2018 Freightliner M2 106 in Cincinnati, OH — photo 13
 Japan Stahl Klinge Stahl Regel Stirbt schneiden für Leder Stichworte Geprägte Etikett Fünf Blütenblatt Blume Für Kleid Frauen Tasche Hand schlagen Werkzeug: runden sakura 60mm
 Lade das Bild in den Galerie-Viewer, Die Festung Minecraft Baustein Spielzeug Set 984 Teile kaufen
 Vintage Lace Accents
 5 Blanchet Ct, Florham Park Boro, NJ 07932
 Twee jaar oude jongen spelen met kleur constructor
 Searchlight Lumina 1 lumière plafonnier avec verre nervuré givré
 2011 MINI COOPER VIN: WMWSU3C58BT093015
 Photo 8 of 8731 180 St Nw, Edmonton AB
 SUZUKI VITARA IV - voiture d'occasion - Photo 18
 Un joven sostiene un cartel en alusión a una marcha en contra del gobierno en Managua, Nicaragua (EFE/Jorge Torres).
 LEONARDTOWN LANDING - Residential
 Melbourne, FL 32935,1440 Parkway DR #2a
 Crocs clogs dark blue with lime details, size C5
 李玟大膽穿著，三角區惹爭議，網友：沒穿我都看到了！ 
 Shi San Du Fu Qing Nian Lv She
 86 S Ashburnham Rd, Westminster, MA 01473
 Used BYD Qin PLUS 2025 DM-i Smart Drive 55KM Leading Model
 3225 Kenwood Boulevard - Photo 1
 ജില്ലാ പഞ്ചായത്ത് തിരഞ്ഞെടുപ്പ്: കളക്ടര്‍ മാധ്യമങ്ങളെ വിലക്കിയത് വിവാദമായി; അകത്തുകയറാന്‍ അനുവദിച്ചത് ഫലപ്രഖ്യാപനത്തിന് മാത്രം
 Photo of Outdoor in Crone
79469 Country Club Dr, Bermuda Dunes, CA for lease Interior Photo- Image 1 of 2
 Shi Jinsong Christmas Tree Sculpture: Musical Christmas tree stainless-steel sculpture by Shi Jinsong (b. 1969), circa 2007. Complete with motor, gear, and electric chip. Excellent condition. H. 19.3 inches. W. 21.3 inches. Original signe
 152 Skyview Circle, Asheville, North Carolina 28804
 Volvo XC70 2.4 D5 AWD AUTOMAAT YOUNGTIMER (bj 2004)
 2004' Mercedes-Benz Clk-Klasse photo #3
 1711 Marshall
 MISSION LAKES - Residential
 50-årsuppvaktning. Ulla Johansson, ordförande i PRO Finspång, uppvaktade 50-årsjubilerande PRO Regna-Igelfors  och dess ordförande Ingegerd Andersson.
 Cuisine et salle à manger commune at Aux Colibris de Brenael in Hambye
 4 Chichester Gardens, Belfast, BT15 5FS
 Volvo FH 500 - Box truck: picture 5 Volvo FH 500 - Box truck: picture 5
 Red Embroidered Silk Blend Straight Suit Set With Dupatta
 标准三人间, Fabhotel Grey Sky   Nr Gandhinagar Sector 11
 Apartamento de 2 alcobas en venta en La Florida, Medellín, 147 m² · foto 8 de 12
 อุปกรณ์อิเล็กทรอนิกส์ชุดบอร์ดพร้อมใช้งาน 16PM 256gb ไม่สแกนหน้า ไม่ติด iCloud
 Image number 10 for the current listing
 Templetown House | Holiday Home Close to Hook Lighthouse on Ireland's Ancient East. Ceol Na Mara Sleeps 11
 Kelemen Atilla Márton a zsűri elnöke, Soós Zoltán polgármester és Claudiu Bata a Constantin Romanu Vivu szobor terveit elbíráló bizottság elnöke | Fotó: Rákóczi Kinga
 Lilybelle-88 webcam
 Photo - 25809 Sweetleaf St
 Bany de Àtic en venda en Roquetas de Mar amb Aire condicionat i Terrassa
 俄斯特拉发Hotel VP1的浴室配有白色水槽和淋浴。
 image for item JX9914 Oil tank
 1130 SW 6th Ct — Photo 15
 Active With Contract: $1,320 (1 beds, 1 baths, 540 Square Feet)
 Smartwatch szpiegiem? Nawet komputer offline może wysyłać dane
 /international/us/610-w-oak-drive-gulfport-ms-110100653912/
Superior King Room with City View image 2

— WHAT TO WORK ON —
Above are the records; print exactly the lines from the line with "Shi Jinsong Christmas" to the line with "Volvo XC70 2.4", including both, and nothing else.

— PROBLEM SOLUTION —
 Shi Jinsong Christmas Tree Sculpture: Musical Christmas tree stainless-steel sculpture by Shi Jinsong (b. 1969), circa 2007. Complete with motor, gear, and electric chip. Excellent condition. H. 19.3 inches. W. 21.3 inches. Original signe
 152 Skyview Circle, Asheville, North Carolina 28804
 Volvo XC70 2.4 D5 AWD AUTOMAAT YOUNGTIMER (bj 2004)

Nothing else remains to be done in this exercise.